* [Source information]
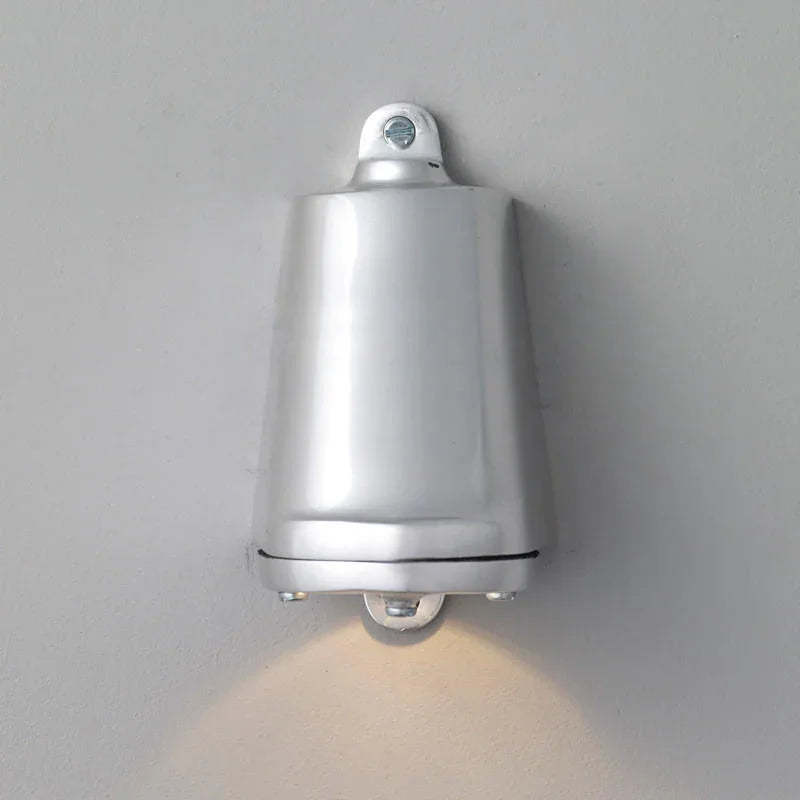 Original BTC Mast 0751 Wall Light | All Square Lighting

...

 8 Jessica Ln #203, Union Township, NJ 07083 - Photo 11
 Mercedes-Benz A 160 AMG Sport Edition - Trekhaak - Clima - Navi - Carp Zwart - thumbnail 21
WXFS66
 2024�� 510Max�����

* [Brief] From the listing above, return the lines starting at the one with "8 Jessica Ln" and ending at the one with "2024�� 510Max�����", both kept, exactly as they appear and nothing more.

* [The answer]
 8 Jessica Ln #203, Union Township, NJ 07083 - Photo 11
 Mercedes-Benz A 160 AMG Sport Edition - Trekhaak - Clima - Navi - Carp Zwart - thumbnail 21
WXFS66
 2024�� 510Max�����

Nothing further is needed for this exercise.